Diphtheria: Treatment, symptoms, advice and help
Diphtheria is an infectious disease caused by the bacteria Corynebacterium diphtheriae. It is a contagious disease which has a potential for fatal consequences. Diphtheria is now a rare occurrence thanks to effective immunisation practices.
Diphtheria: Incidence, age and sex
Diphtheria is a rare disease in present times due to widespread DPT immunisation which is a combined vaccine against diphtheria, pertusis and tetanus. It usually afflicts children less than 5 years of age or older adults. However it may affect an individual at any age.
Signs and symptoms of diphtheria: Diagnosis
The clinical features of diphtheria generally present 2 to 5 days after exposure and begin with high temperature and sore throat. A watery, blood stained discharge from the nose along with a brassy cough may be noted. Affected individuals often complain of breathing problems like breathlessness and noisy, rapid breathing. Other features include drooling of saliva, pain during swallowing, skin lesions and bluish discolouration of the skin.
A detailed physical examination by a specialist may reveal enlarged lymph nodes in the neck and retraction of chest muscles. A microscopic examination of throat swab may show the offending bacteria.
Causes and prevention of diphtheria
Diphtheria is caused by bacteria Corynebacterium diphtheriae which spreads among humans through respiratory droplets and contact with contaminated objects. Inadequate hygiene and overcrowding causes increased chances of transmission of bacteria among individuals. The bacteria mainly affect the upper respiratory tract like nose and throat and rarely skin. Sometimes a grey to black tough membrane, called ‘pseudomembrane’ is formed in the throat which obstructs the airways and hampers breathing. As the disease progresses, the bacteria may release toxins which may damage the heart and the nerves.

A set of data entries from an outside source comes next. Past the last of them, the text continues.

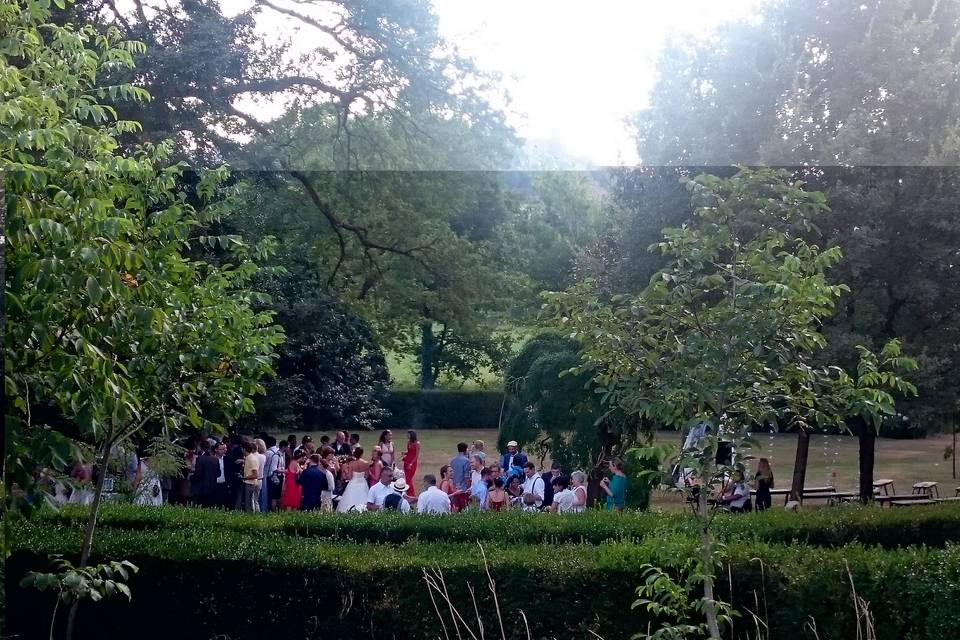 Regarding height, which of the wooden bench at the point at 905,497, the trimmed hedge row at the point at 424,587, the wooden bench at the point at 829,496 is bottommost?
the trimmed hedge row at the point at 424,587

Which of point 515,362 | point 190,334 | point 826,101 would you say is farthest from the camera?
point 515,362

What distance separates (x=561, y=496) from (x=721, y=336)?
10.2 feet

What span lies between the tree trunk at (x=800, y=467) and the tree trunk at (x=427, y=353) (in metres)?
2.26

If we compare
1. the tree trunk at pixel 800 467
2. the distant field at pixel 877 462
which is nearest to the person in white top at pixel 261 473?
the distant field at pixel 877 462

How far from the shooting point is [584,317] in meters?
3.81

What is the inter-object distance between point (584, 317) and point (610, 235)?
7.25 ft

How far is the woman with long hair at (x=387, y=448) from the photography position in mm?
6262

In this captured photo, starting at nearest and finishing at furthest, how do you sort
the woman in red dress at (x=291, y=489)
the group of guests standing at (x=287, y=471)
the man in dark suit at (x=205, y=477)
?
the group of guests standing at (x=287, y=471) → the woman in red dress at (x=291, y=489) → the man in dark suit at (x=205, y=477)

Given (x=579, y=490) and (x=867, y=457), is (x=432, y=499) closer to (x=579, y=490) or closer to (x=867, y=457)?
(x=579, y=490)

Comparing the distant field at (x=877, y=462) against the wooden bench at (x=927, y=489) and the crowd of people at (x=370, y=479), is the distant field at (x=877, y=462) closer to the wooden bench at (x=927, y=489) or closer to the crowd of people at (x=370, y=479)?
the wooden bench at (x=927, y=489)

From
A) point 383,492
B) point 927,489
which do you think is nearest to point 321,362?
point 383,492

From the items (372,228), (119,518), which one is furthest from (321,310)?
(119,518)

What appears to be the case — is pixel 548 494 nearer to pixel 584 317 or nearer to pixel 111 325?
pixel 584 317

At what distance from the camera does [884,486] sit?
5648 millimetres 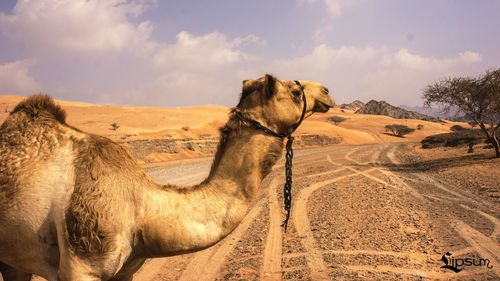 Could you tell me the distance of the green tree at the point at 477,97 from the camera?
25.9 m

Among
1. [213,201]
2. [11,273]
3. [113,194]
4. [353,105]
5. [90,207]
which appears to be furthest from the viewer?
[353,105]

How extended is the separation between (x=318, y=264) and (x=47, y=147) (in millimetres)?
5528

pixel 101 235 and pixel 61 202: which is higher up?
pixel 61 202

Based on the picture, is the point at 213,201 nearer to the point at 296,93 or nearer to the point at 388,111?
the point at 296,93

Diphtheria is an air-borne infection which may be prevented from spreading by frequent washing/disinfection of the hands and avoiding close contact with affected individuals. Moreover appropriate and timely vaccination of children along with booster dose during adulthood is essential in preventing diphtheria.

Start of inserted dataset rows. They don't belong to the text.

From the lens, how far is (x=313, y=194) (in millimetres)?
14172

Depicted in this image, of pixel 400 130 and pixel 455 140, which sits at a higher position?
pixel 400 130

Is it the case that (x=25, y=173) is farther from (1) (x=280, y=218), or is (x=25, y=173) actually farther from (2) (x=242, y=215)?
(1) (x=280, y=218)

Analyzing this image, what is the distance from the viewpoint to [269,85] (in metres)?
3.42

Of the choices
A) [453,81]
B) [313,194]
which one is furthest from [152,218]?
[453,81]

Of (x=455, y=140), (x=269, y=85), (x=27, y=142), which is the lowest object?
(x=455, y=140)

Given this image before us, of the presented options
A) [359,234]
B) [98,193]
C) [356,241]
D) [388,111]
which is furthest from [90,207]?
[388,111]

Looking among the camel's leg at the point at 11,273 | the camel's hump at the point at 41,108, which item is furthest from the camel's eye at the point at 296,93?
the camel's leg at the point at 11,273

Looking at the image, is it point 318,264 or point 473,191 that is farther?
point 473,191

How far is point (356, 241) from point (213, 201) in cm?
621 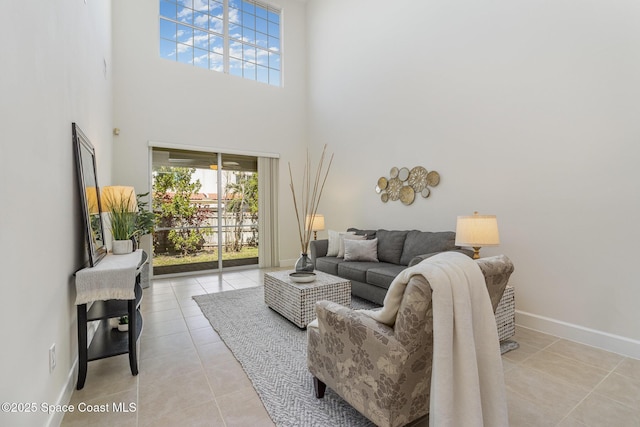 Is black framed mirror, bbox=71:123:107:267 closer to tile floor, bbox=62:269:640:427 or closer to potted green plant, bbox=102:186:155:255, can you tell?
potted green plant, bbox=102:186:155:255

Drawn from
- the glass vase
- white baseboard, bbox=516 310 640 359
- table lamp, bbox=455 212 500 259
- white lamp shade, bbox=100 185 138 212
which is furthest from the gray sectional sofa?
white lamp shade, bbox=100 185 138 212

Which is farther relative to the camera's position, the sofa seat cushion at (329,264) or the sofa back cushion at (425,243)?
the sofa seat cushion at (329,264)

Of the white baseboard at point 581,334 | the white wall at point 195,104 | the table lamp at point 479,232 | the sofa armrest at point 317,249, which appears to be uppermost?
the white wall at point 195,104

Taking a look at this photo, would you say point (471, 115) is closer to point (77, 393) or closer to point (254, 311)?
point (254, 311)

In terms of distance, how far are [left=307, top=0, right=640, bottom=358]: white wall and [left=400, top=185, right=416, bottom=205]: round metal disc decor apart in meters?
0.16

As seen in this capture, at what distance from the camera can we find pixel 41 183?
60.2 inches

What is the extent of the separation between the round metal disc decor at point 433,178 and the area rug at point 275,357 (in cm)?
177

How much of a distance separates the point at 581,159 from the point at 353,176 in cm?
320

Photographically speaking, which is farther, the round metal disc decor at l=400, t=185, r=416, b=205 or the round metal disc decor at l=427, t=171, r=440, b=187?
the round metal disc decor at l=400, t=185, r=416, b=205

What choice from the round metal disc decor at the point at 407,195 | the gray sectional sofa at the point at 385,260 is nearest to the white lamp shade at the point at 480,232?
the gray sectional sofa at the point at 385,260

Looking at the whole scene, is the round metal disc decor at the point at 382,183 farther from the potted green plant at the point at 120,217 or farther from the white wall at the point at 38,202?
the white wall at the point at 38,202

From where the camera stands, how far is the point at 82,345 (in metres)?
2.00

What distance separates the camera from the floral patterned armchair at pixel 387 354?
1.32m

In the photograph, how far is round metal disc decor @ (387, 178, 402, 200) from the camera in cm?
451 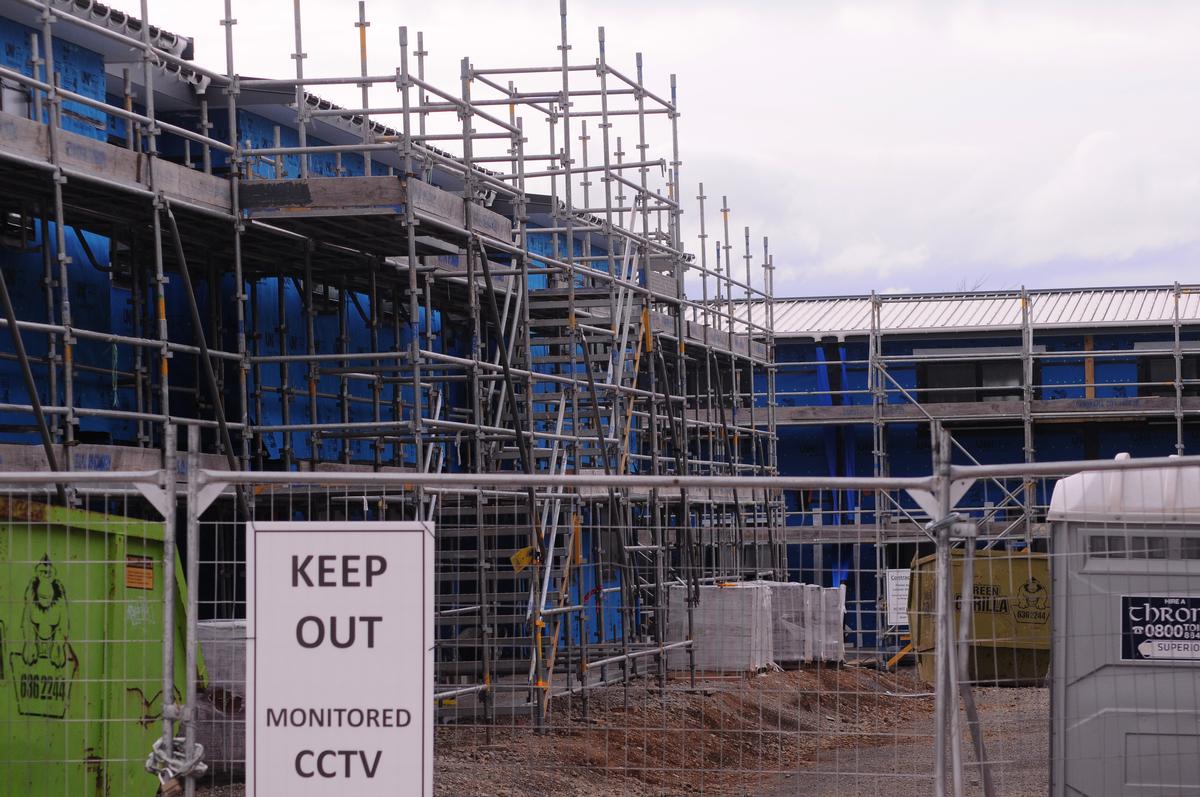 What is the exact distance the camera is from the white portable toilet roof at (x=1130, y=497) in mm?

Diphtheria may result in serious and life-threatening health concerns, if not managed timely. The formation of pseudomembrane in the respiratory passage may obstruct breathing and result in cyanosis which signifies impaired oxygen supply to the tissues and is evident by bluish discolouration of the skin, lips and nails. The bacterial toxins may also cause inflammation of the heart muscles or the nerves resulting in serious complications like heart failure or paralysis.

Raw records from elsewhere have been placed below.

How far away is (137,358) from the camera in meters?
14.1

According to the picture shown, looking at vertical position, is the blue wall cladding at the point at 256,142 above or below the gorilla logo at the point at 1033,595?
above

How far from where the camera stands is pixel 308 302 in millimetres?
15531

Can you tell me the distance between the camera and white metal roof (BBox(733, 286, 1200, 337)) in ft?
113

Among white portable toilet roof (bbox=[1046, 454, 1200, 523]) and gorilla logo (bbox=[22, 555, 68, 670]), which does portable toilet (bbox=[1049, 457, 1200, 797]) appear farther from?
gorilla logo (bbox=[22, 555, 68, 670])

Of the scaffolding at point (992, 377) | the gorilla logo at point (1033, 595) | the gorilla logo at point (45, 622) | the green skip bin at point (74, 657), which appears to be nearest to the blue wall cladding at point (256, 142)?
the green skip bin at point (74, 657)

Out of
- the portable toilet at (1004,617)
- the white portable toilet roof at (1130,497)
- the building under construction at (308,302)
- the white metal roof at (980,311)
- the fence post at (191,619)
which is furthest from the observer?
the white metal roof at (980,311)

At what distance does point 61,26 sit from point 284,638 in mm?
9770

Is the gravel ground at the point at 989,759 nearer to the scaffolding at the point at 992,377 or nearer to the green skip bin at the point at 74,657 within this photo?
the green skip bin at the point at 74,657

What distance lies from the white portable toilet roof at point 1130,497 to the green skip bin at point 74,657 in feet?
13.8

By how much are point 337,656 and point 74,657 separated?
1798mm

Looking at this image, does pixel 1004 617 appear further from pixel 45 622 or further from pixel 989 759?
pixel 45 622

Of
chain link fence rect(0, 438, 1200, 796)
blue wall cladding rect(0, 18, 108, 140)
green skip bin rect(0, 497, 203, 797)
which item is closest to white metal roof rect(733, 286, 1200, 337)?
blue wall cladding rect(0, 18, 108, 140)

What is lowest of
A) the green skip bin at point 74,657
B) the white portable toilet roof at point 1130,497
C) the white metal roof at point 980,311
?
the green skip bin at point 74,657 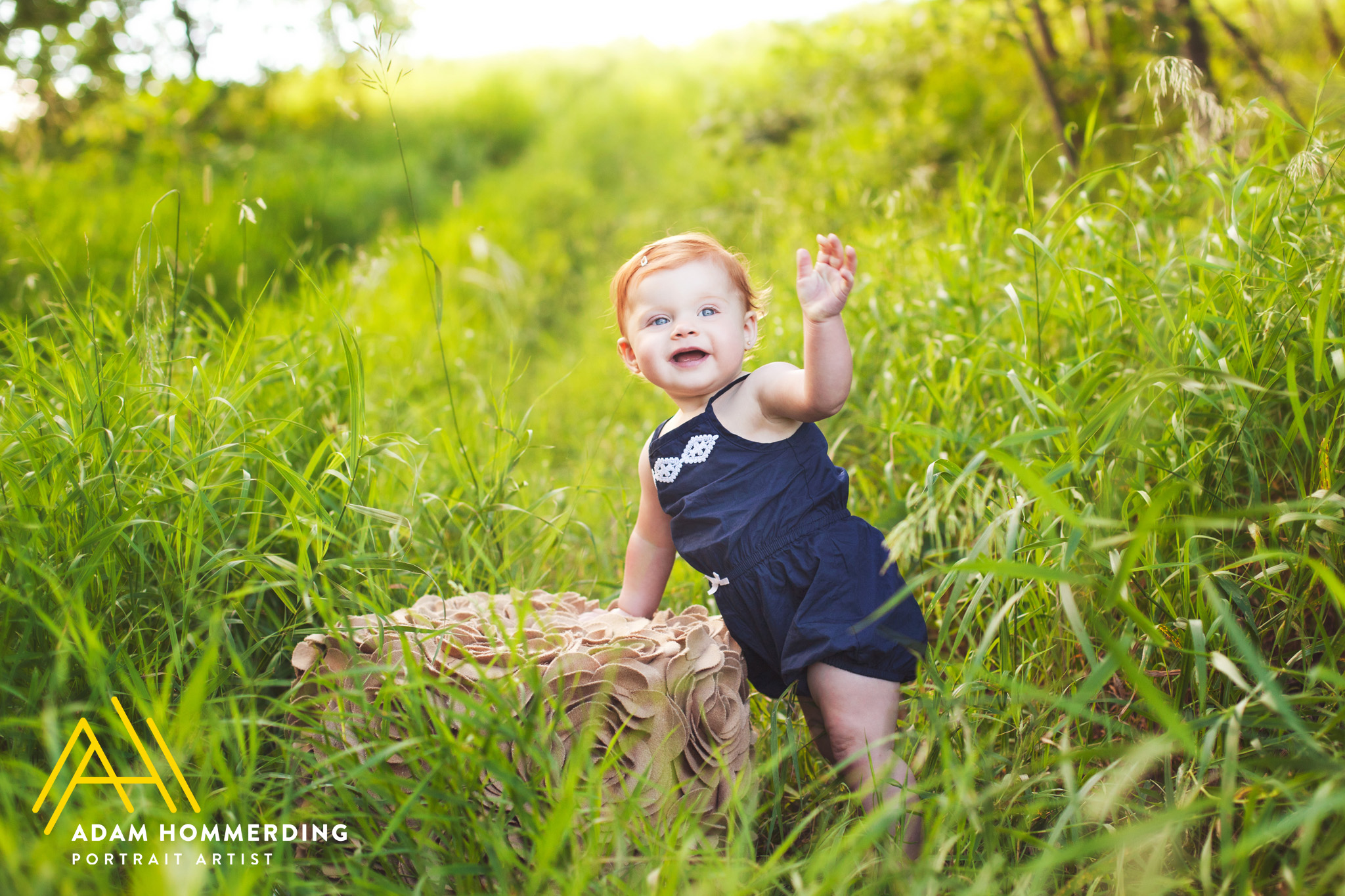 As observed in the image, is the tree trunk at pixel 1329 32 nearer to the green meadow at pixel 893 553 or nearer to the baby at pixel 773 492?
the green meadow at pixel 893 553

Diphtheria is a serious illness which cannot be ignored and requires immediate management. Antibiotic medications like penicillin or erythromycin are usually prescribed. The affected individual needs to be hospitalised in severe cases wherein diphtheria anti-toxin needs to be administered. Other management modalities include maintenance of adequate fluids in body and frequent monitoring of cardiac status. The recovery of diphtheria patients is usually slow and may vary from person to person. However, the disease is curable and most of the individuals show complete recovery in a substantial period of time.